Elle se faisait abandonner par les hommes et par l'argent. Une rose dont les pétales se décollaient, fanaient. Et cette fleur n'avait qu'une vie, où il lui était impossible de revenir à l'état de bourgeon. La beauté de Lei ne faisait que décliner de plus en plus. C'était Shô qui était beau, à présent. Un beau visage et un beau corps. Que pouvait-il en faire ? La réponse était l'évidence, s'imposant comme un gêne héréditaire transmis de mère en fils. L'androgyne attirait les regards, des regards qu'il savait désireux. Ces yeux avides se contentaient de regarder, quelques dizaines de secondes, avant de se détourner et d'oublier l'adolescent. Pourquoi ne pas leur permettre de toucher, à présent ? Après avoir admirer l'oeuvre, ne pouvaient-ils pas la toucher ? Ils leur suffiraient de mettre l'argent pour. Et à lui, il suffirait de ne pas y penser. De ne pas penser à ce qu'il était en train de faire. Offrir son corps. Il suffirait de penser que c'était une des filles ou un des garçons qui se retrouvaient régulièrement dans ces bras. A part ce métier, rien d'autre n'était véritablement envisageable.
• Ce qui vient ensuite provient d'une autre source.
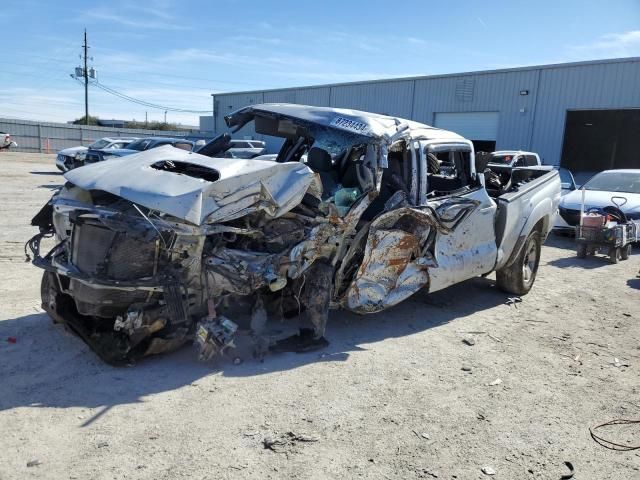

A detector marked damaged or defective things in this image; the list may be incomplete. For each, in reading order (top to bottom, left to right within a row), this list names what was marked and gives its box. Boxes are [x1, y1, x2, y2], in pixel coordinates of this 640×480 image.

Pas si Shô voulait rapporter rapidement de l'argent. Si le chemin continuait comme il avait commencé à se tracer, Lei ne pourrait bientôt plus payer les factures, ensuite le loyer. Et ils se retrouveraient à dormir dans la rue. Shô connaissait ce lieu comme sa poche, y ayant grandit. C'était plus de la moitié de son univers, là où il trouvait de quoi se fabriquer son Eden. Mais il y avait une grande différence entre la connaître, y vivre à moitié, et y vivre totalement. Son corps permettrait de ne pas passer du premier point au deuxième, de continuer dans une vie décente.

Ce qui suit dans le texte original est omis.